Joe they are about as laid back as they come ,I think,I'm ...WE are keeping 4..1:3 in the 2' cube,but I'm sure i could have more,I obviously don't know about male on male agression,but would be very surprised if it was an issue. Our 5 leucs are way more agressive I can countm one incident of real falling out,but hell,with 3 ladies all wanting to lay eggs at the same time,with the same chap,It's not hard to see them getting p*ssed off with each other:lol2:

Stu


----------



## Liam Yule (Feb 16, 2012)

Hey Bud,

have you seen this?
The Precipice (Pic Heavy) - Dendroboard

I dont know if it's worth anything inspirationally. It has the use of eggcrate on back and sides it you could make it a bit more ''rocky'' and lose some of the cork. But the background looks large and sloping. It looks awesome once grown in and you can't see much cork anyway


----------



## Ron Magpie (Oct 11, 2009)

Liam Yule said:


> Hey Bud,
> 
> have you seen this?
> The Precipice (Pic Heavy) - Dendroboard
> ...


That looks really interesting- would love to see the grown-in version, though.


----------



## Liam Yule (Feb 16, 2012)

Head to page 13 Ron. Might give you a better idea





Ron Magpie said:


> That looks really interesting- would love to see the grown-in version, though.


----------



## Ron Magpie (Oct 11, 2009)

Liam Yule said:


> Head to page 13 Ron. Might give you a better idea


Thanks- the guy needs more overviews, though!

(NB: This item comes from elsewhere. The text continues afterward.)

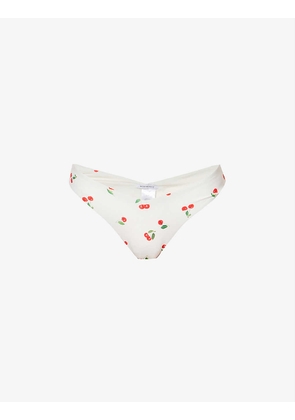 Delilah cherry-print mid-rise bikini bottoms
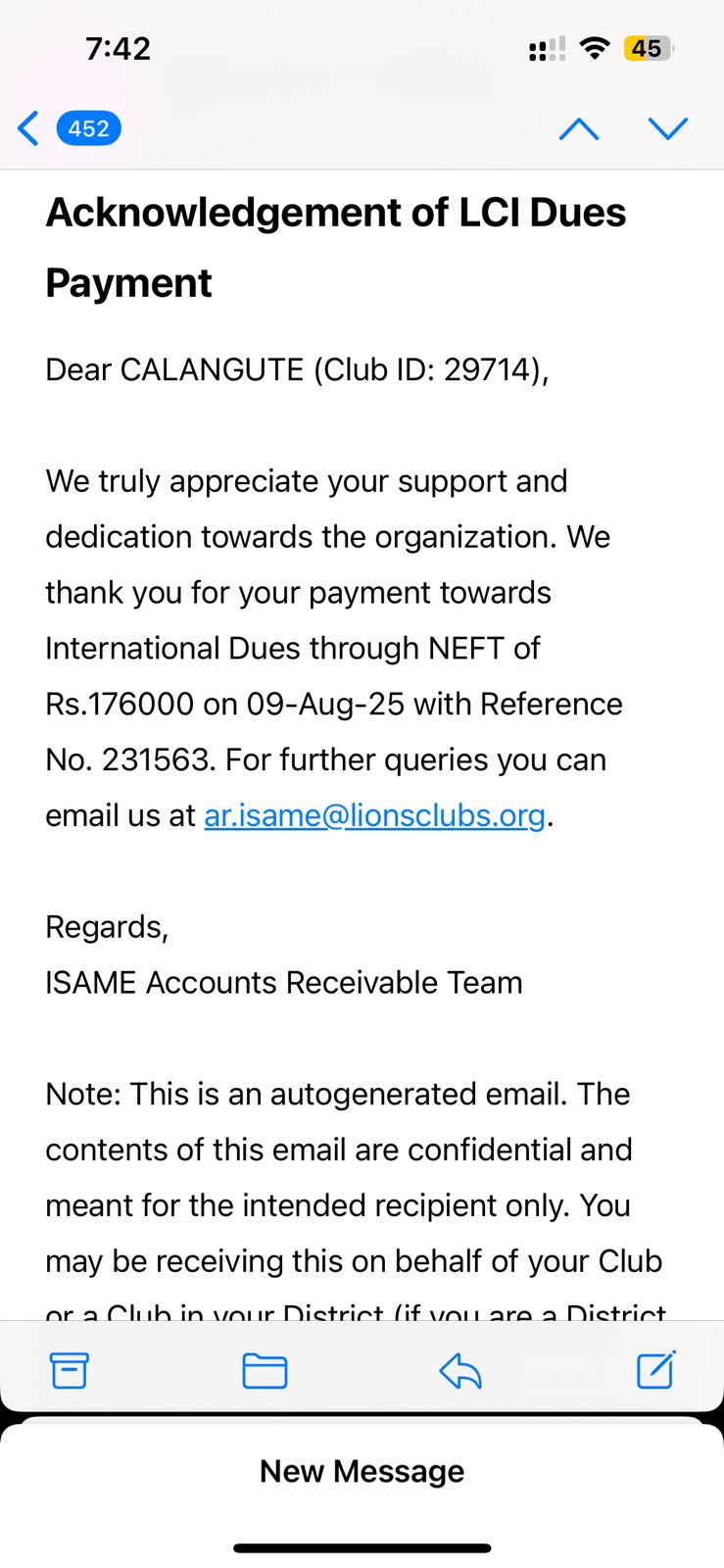 Lions Club Of Calangute International Dues Paid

Really impressive, from what I can see. :2thumb:


----------



## Cornish-J (Sep 4, 2011)

soundstounite said:


> Joe they are about as laid back as they come ,I think,I'm ...WE are keeping 4..1:3 in the 2' cube,but I'm sure i could have more,I obviously don't know about male on male agression,but would be very surprised if it was an issue. Our 5 leucs are way more agressive I can countm one incident of real falling out,but hell,with 3 ladies all wanting to lay eggs at the same time,with the same chap,It's not hard to see them getting p*ssed off with each other:lol2:
> 
> Stu


I have a 3:1 combo and rarely see any forms of aggression, seen a bit of chasing a couple times which lasted around 5 seconds but apart from that .. nothing.

J


----------



## Meefloaf (Mar 24, 2013)

STuuuuuuuu, can you grab me a pic of your mysti viv as it is now ? please :flrt::flrt::flrt: lol

struggling to figure out how to incorporate area's of soil and planting without building an egg crate section, also dont want it to seem like a rock square lol, was looking the other day and notice there are encavements in embanked rock. the other struggle for me personally is trying to get some wood in there, only thing i can think of so far is either a stump in one corner sat in a boxed section of eggcrate holding soil (will also add 'levels'). other than that, you've got the 'tree' pertruding from the rock work

ramble ramble ramble


----------



## soundstounite (Sep 6, 2009)

Yeah sure bro,but bare with me , i'm working up to a new year fts round up viv wise.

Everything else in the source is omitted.